Systematic behavior observation is a research tool permitting investigation of possible links between the recorded behavior and psychological processes. In general, behavior will be videotaped and analyzed via computers with specialized software. Akzelerometrie is another form of behavior observation in which people’s bodily activity is tracked by mobile devices (e.g., wristband). This allows the assessment of activity patterns and frequency in their daily live. The advantage of this method lies in its high ecological validity.
Facial Action Coding is a technique with which visible movements of facial muscles are described in detail using photos or films and a complex coding system (Facial Action Coding System, FACS). The technique allows assessing even subtle complex emotional facial expressions. The main fields of application are the Affective Neurosciences and Emotion Psychology.

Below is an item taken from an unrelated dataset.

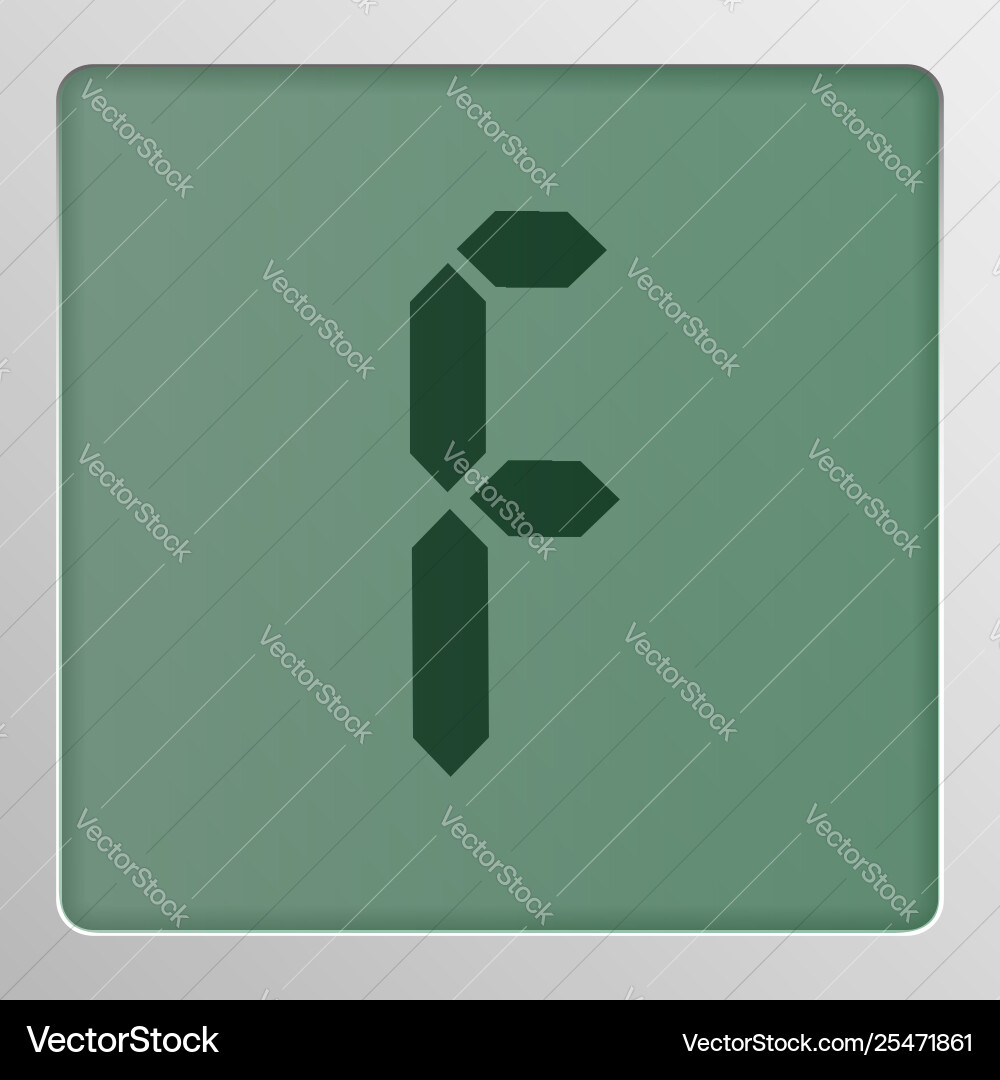 Digital character set typeface on a screen Digital character set typeface on a screen vector image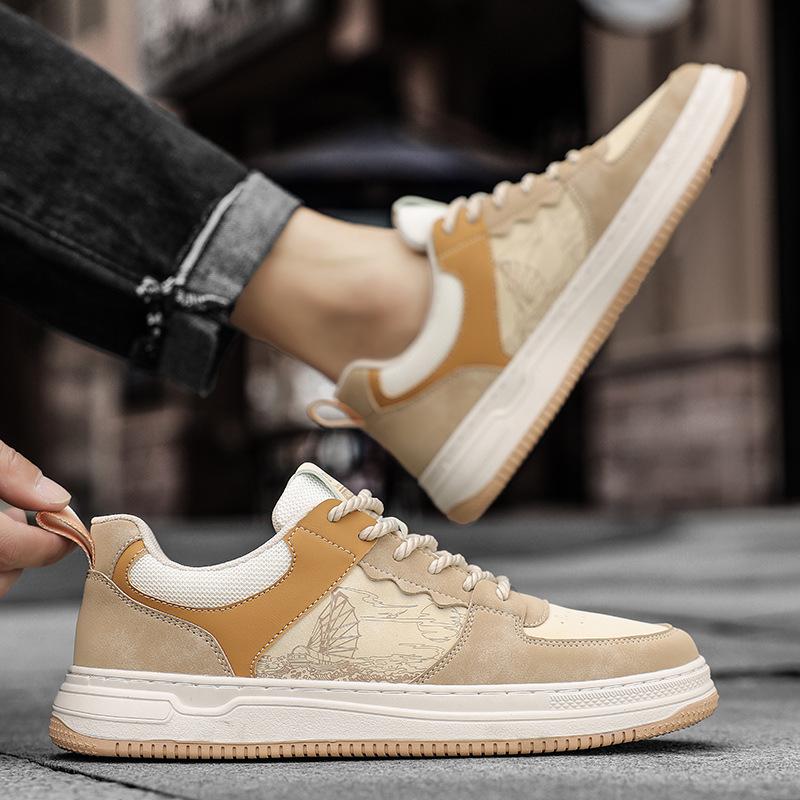 Men's shoes 2024 winter new niche men's shoes men's low-top board shoes boys' sports and leisure versatile trendy shoes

Eye tracking is used to monitor eye movements during various tasks. The position of the eye is extracted using video images and infrared light (which is not visible to the human eye). Analysing eye movements provides a valuable description of how information is selected and processed.
Computer technologies enables the measurements of reaction within milliseconds. This allows inferences on specific information processing activities. Mainly reactions in rather simple tasks (e.g., Is the dot on the left or right side?) are recorded. Due to high control in a laboratory and the specific manipulation of single parameters in the experimental tasks, this method is predominantly used to identify causal relationships.
Virtual Reality can illustrate complex facts. They are used to visualize situations, and, in connection with 3D animation or interactive characters we obtain various usage scenarios. One can move through the virtual space, e.g., a town or a museum. It is also possible to move things within the virtual reality based on "real" events.
Modern (flight-)simulators allow to conduct experimental psychophysiological research under well controlled conditions, if tasks follow well designed experimental paradigms. Tasks with high ecological validity can be studied in contrast to classical laboratory research. Different kinds of simulators are available for human factors research in Graz. The development of specific paradigms „exercises“ for aviation psychophysiology allowed to have direct comparisons ranging from studies with a simulator mock-up in the laboratory (Institute of Psychology, University of Graz) , via optimized training and test paradigms in the simulator (cooperation with research platform flight simulation at the TU Graz, and AMST Systemtechnik GmbH, Ranshofen) to tests in the cockpit (Pitts2B; Research Project APTEM, FFG). Simulator based psychophysiological research is also conducted for topics in air traffic management.
The discipline of psychoacoustics investigates how objective acoustic events are translated into subjective auditory sensations. Individual experience plays an important role in this respect. Especially musical training enhances the sensitivity of the auditory system to discriminate subtle acoustic differences.